Task directions:
Restrict the output to the lines below starting at the one that contains "743 Grandview Dr, Corsicana, TX 75109" and ending at the one that contains "New Grand Hotel 케닌가우 외부 사진", and restate them word for word, both ends included.

Supplied material:
* * * * * * *
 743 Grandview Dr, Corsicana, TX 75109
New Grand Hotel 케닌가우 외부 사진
* * * * * * *
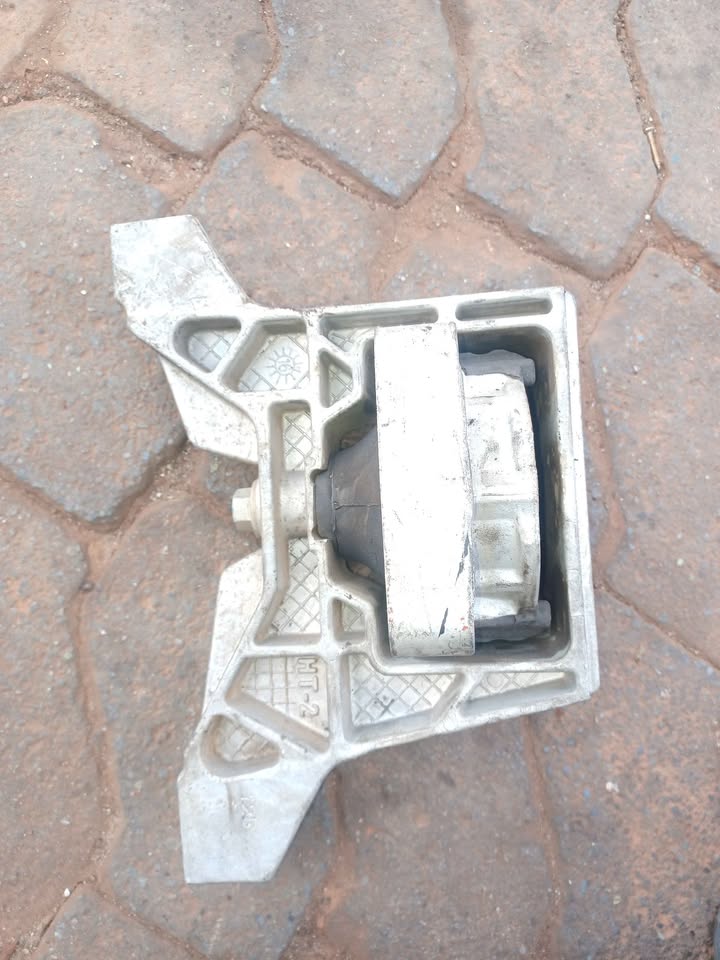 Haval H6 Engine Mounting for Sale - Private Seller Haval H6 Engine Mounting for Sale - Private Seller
* * * * * * *
Output for this exercise:
 743 Grandview Dr, Corsicana, TX 75109
New Grand Hotel 케닌가우 외부 사진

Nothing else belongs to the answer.